* **Aim of the task**
Text only, exactly as given: reproduce the entries below without their pictures.

Records from a data collection
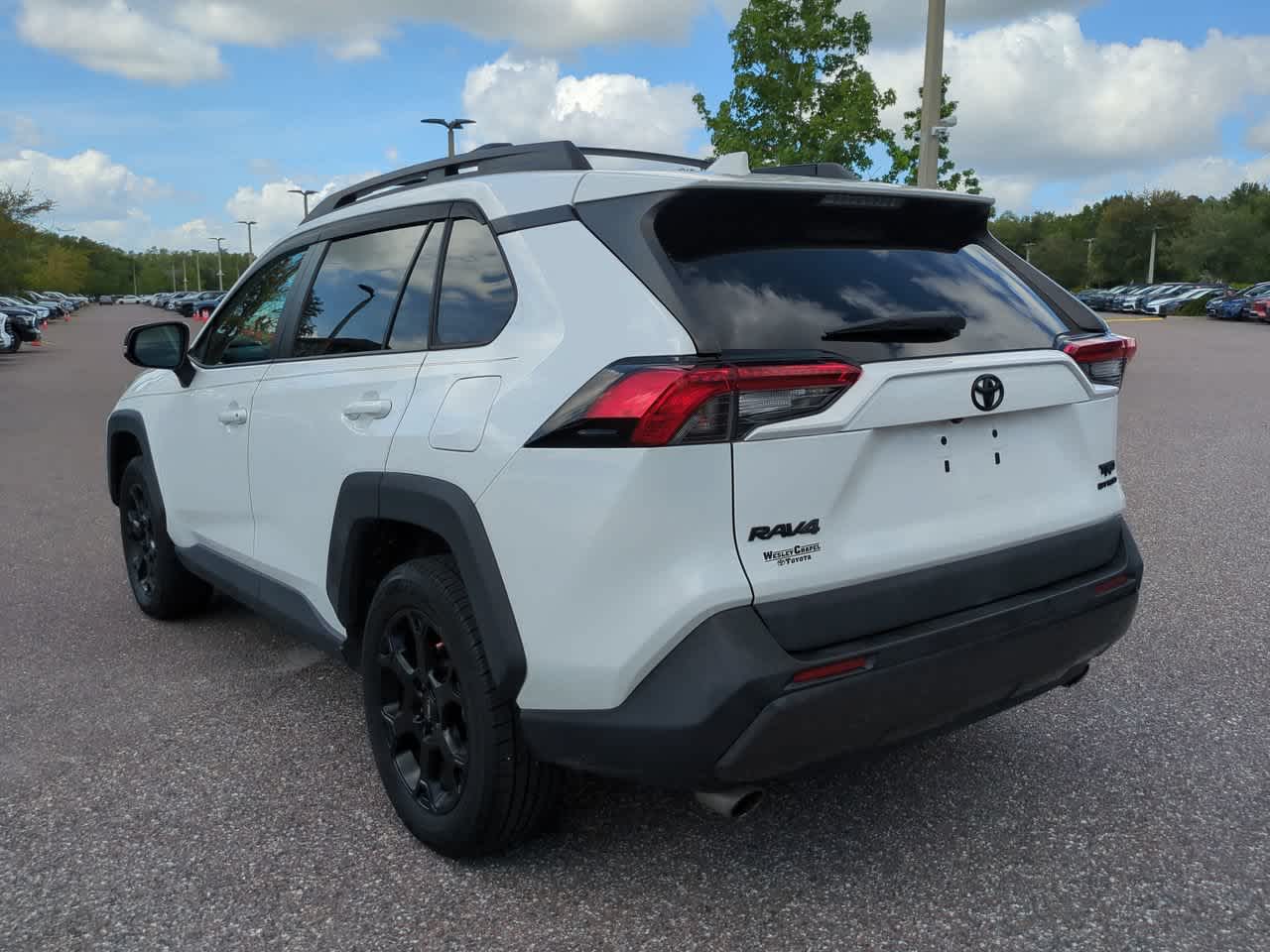 Thumbnail: 2020 Toyota RAV4 - 4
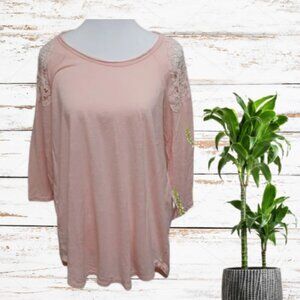 TORRID romantic plus size 2 light pink top shirt scoop neck lace 3/4 sleeve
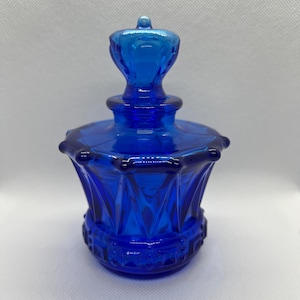 Vintage Fostoria “Royal Hapsburg” Crown Candy Dish | Deep Cobalt Pressed‑Glass Lidded Compote / Trinket Jar, 1960s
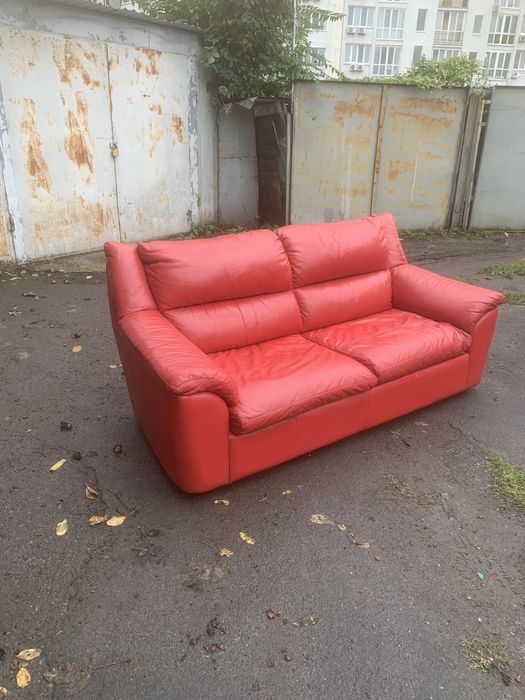 Раскладной кожаный диван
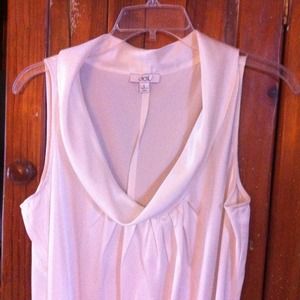 Cache sleeveless cowl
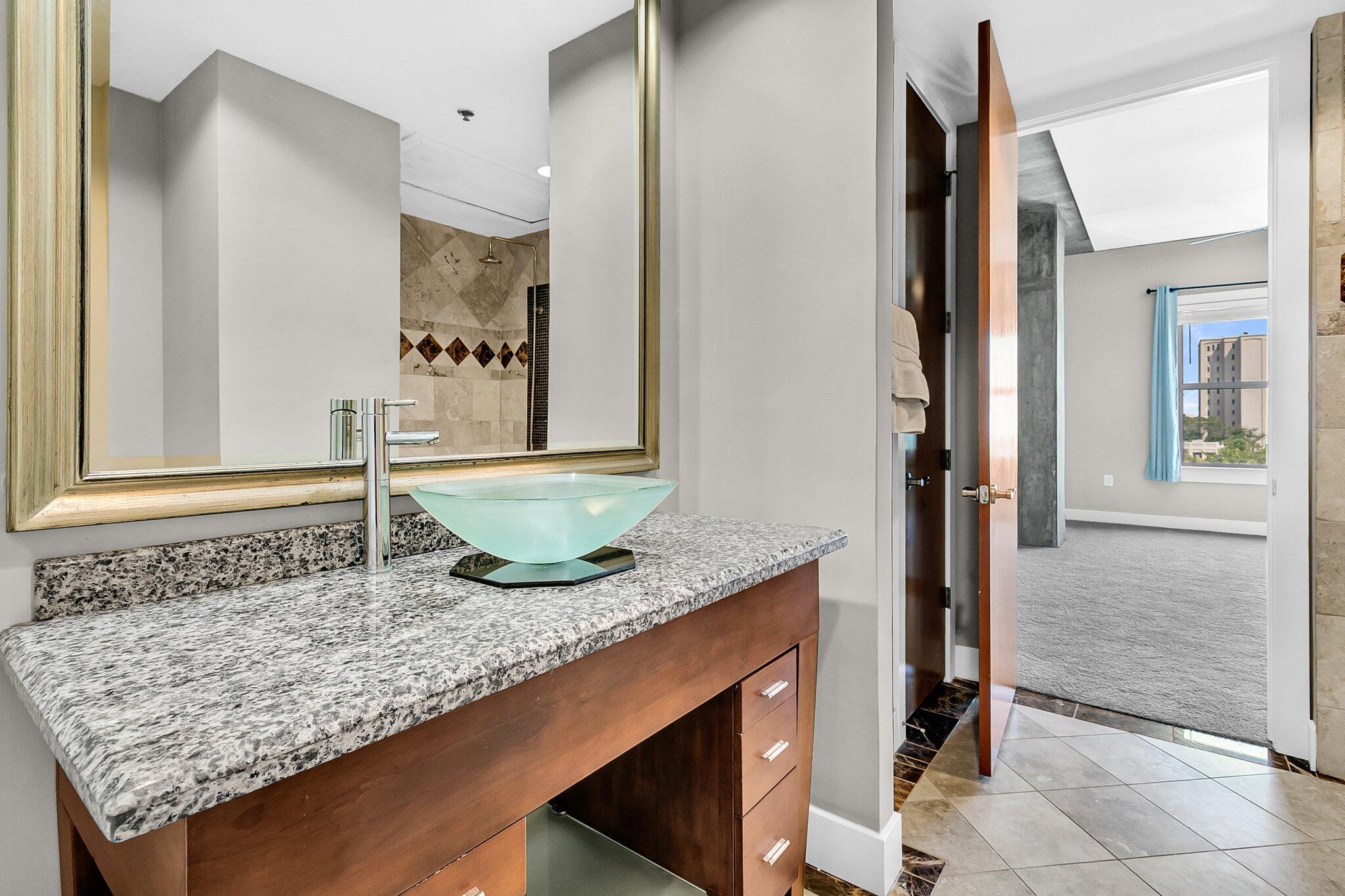 150 Bee Street # 415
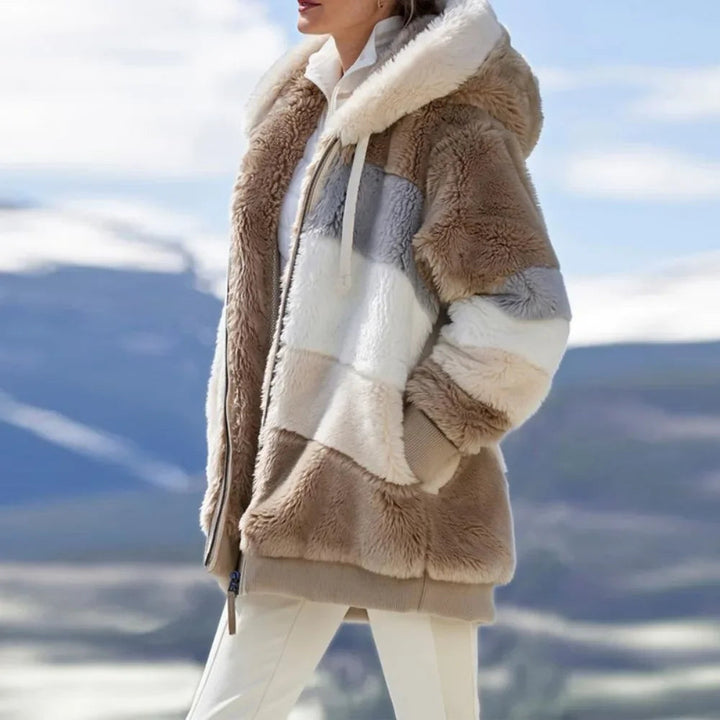 Lucy - Plush Cozy Jacket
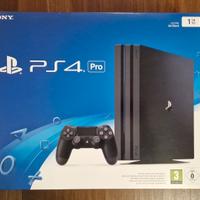 Play Station 4 Pro 1 Terabyte con scatola+giochi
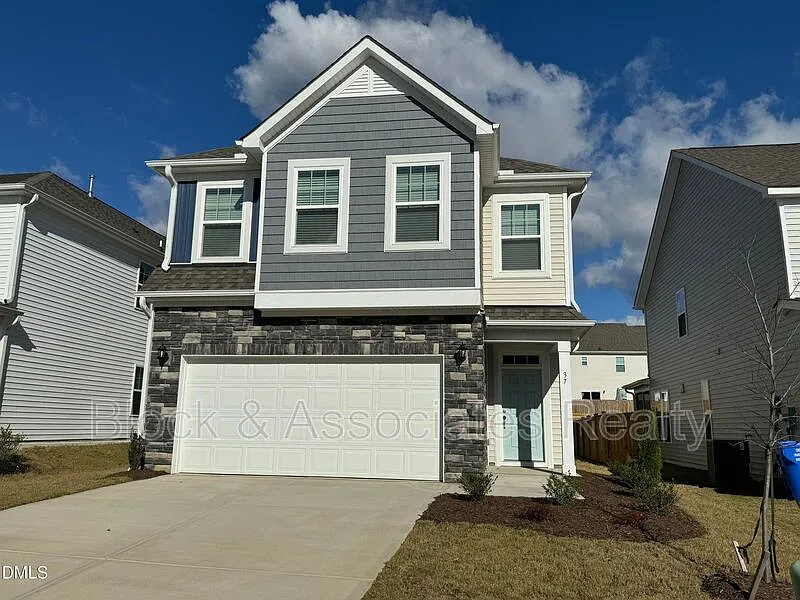 37 Bluebell St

* **Task output**
 Thumbnail: 2020 Toyota RAV4 - 4
 TORRID romantic plus size 2 light pink top shirt scoop neck lace 3/4 sleeve
 Vintage Fostoria “Royal Hapsburg” Crown Candy Dish | Deep Cobalt Pressed‑Glass Lidded Compote / Trinket Jar, 1960s
 Раскладной кожаный диван
 Cache sleeveless cowl
 150 Bee Street # 415
 Lucy - Plush Cozy Jacket
 Play Station 4 Pro 1 Terabyte con scatola+giochi
 37 Bluebell St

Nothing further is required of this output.